For the Love of God, Volume 2/March 9
From Gospel Translations
Exodus 20; Luke 23; Job 38; 2 Corinthians 8
AS WE APPROACH THE END OF THE DRAMA, God addresses Job directly for the first time (Job 38); he will continue to address Job through chapter 41. Elsewhere God speaks to Elijah in a still, small, voice (1 Kings 19); here God speaks to Job out of a storm (38:1), for he wants even the form of his communication, or its venue, to substantiate the large points he wishes to make.
God’s first words are terrifying: “Who is this that darkens my counsel with words without knowledge? Brace yourself like a man; I will question you, and you shall answer me” (38:2-3). This opening salvo might lead the unwary to think that Job is the one with whom God is primarily displeased, and that the three miserable comforters have got off rather lightly. But like a drama that teeters back and forth between this perspective and that, this book is not finished yet. After all, the opening chapter records God’s estimate of Job, and nothing in these chapters reverses that estimate. Further, I have already drawn attention to 42:7, where God says he is angry with the three friends (something he never says about Job), because they did not speak what was right about God (as God’s servant Job did). God’s terrifying challenge to Job in these four chapters must be placed within the larger framework of the book, if we are to make sense of the whole.

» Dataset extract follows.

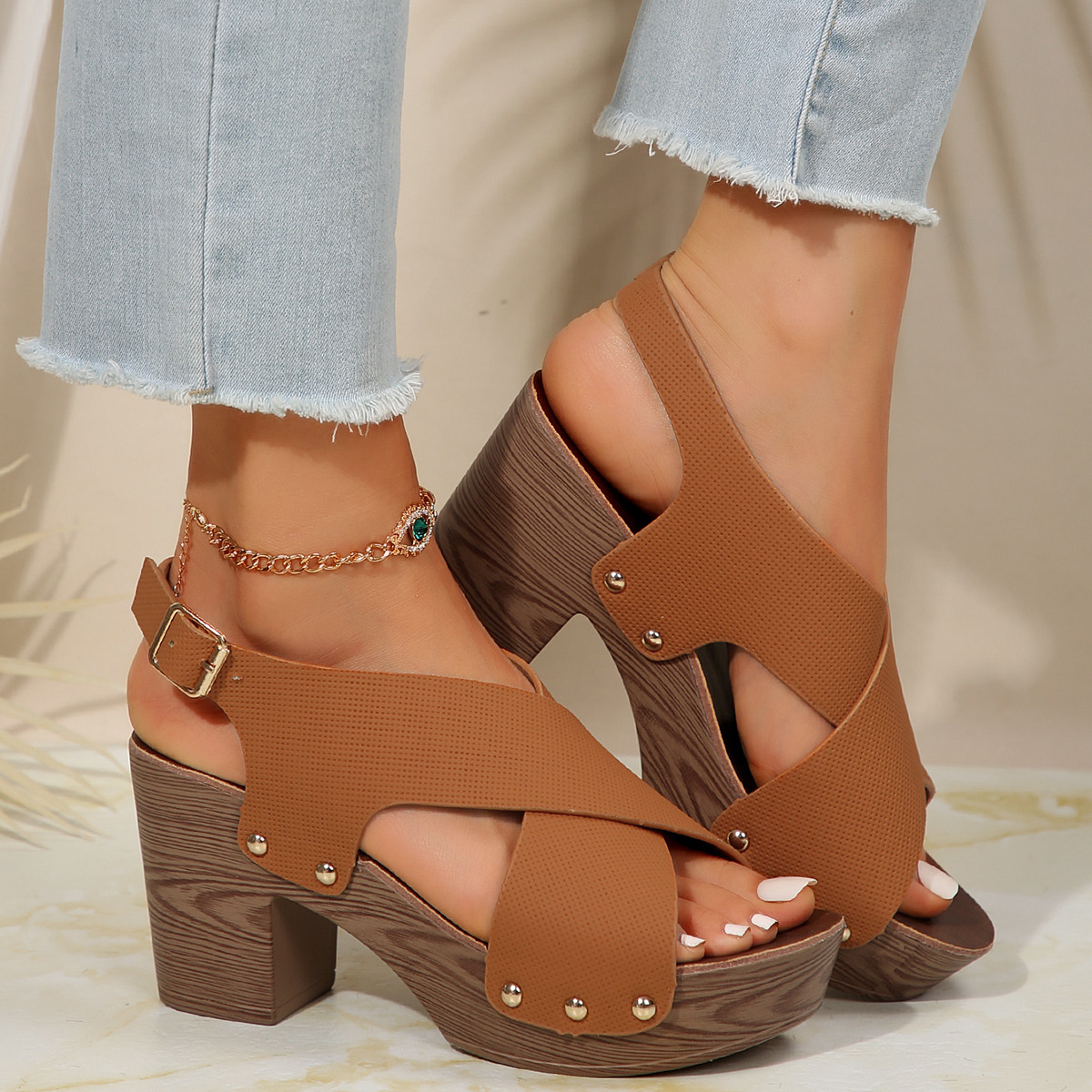 Crisscross Block Heels Sandals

Job has repeatedly said that he wishes to question God. Now God says that he will question Job (38:3). Yet the nature of the barrage of rhetorical questions God raises in these chapters is scarcely the kind of questions Job wants to address. Job wants to talk about his own sufferings, about the justice of them, about God’s role in sanctioning such sufferings, and the like. He wants to do this not least because he desires to maintain his justifiable reputation for integrity and righteousness. But God’s questions focus on a much bigger picture. God asks, in effect: “Job, were you present at the dawn of creation? Do you have intimate knowledge of the entire world, let alone of the heavens? Do you control the course of the constellations—Pleiades and Orion, let us say? Were you the one who constructed the human mind, so that you can explain how it works? Does your word exercise the kind of providential sway that grants food to hungry ravens or to a hunting lioness?”
At one level, of course, this response does not at all answer the kind of questions Job was raising. At another level, it does. It warns Job that his capacity to understand is more limited than he thinks. It prepares us for the conclusion that God wants something more from us than mere understanding.